I suspect that the reason my interests cooled off during my previous relationship was that my boyfriend in fact became my special interest. I was seriously obsessed with him. [/quote]
I also was once in a situation in which my special interest became a boy that I was infatuated with. However, he moved away and I never got together with him.
Anyway, during my college years I improved a lot with my conversational skills. Also, over time I became a lot better with eye contact. I was probably able to improve because I have a good long term memory, and I tend to remember a lot of specific details in conversations.

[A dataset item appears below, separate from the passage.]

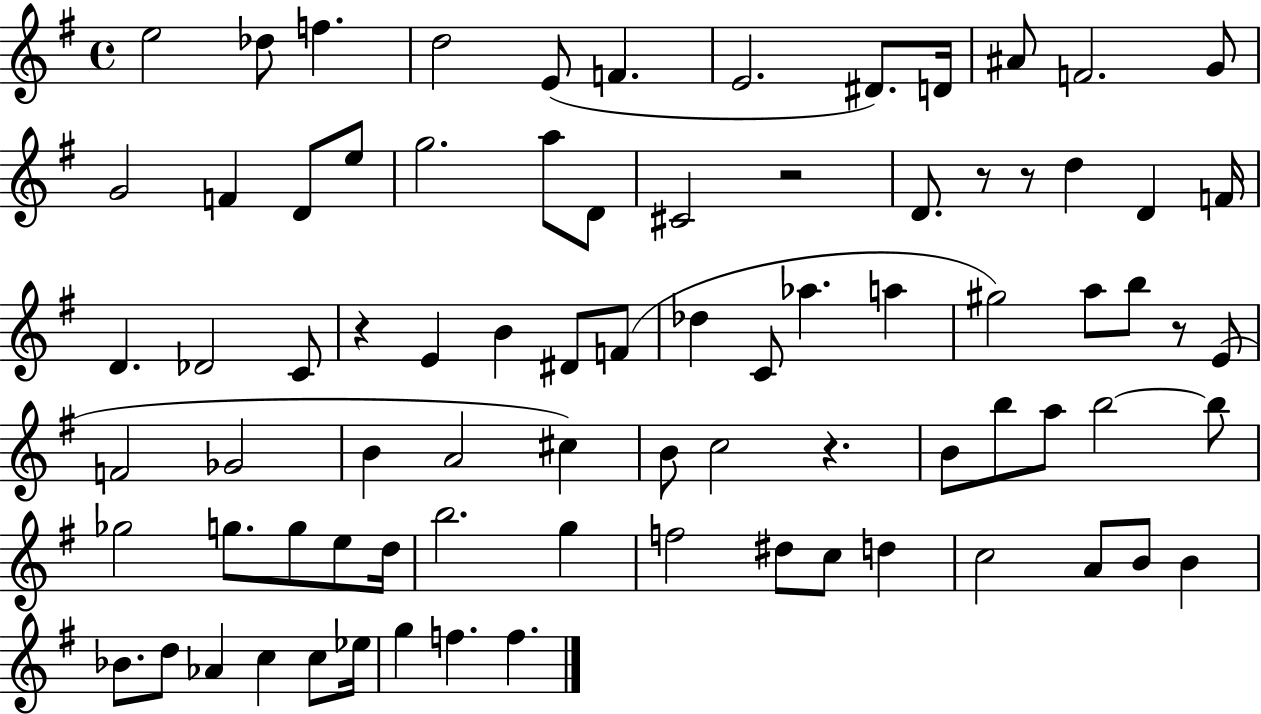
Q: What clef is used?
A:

There is definately an improvement in me as I have got older. As a kid I was very 'inwards' lining things up and spinning stuff but as I have got older I can now speak much easier (about my special interests) and people say I am better at debating things (although I still get a little angry!) because before I would have just blown up and hit the other person! I still struggle with socialising with strangers in a shop because I get freaked out when something in the interaction changes (quite commonly just a reminder that I have not removed my card from the chip and pin device!) from the normal 'hello', 'would you like some bags?' 'that will be £--.-- please' 'Thank you, goodbye!'
On a more technical note, Autism is a developmental disorder, therefore it is posssible for some of us to develop into more sociable adults, others might find this harder or impossible.